Worse then his alternately condescending and butt-kissing tone, however, is the uncomfortable way in which the comedic and solemn mingle. He shows admirable restraint by allowing the security footage of the Columbine massacre to stand on its own, with no music or voice-over commentary to suck up the powerful visual impact. As well, it would take a man much stronger than myself not to laugh at the short cartoon produced courtesy of South Park conspirators, Matt Stone and Trey Parker. But Moore's encounter with Charlton Heston, particularly in the movie's final scene, is a strong contender for the most embarrassing moment in the whole history of cinema. It is so contrived a gesture, so desperate in its attempt to simultaneously move the audience and guilt-trip Heston, that it achieves none of these goals and in the process exploits a young girl's death. Given where Moore places the picture of the young girl, we realize that his intention was never to make Heston think about his insensitivity. Lost of its fraudulent practical and didactic design, the gesture is reduced to an empty ploy that is dishonest, insensitive, and pretentious.
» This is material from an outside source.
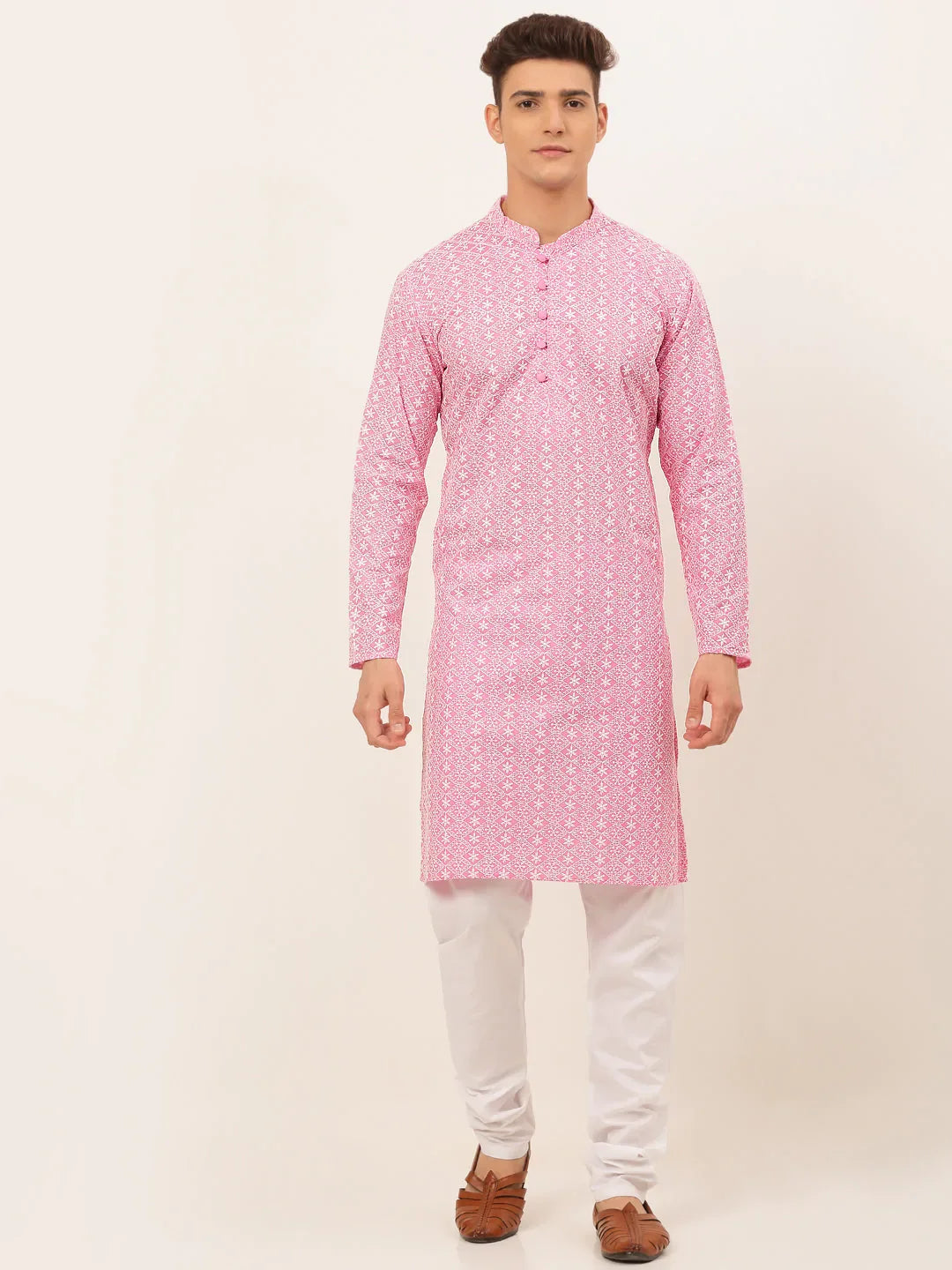 DesiQlo Men Ethnic Set - Pink - JOKP_626Pink_S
When Moore is practical, such as when he enlists the aid of two boys shot at Columbine High to convince K-Mart execs to discontinue their sale of bullets, he is also confusing. His achievement is laudable, but its inclusion in the film is questionable. Does he want to show that corporate reform is possible? Is it self-congratulatory? Exploitative? I'd like to think it's a little bit of each, not to mention corny. It actually brings to mind an article by the late Dwight Macdonald, “The Invisible Poor,” which was a somewhat dry roundup of facts on America's needy. The piece, which ran in The New Yorker in 1963, somehow made its way into the hands of White House higher-ups, prompting an official declaration of war against poverty. Now, what results were yielded from said war I don't know, but my point is that what is uninteresting aesthetically can often be effective in other ways. But a movie should above all be pleasurable. For once, Moore's moral and aesthetic stance is made somewhat ambiguous.

Synopsis be damned. Bowling For Columbine is a film that's all heart, no scruples. You decide.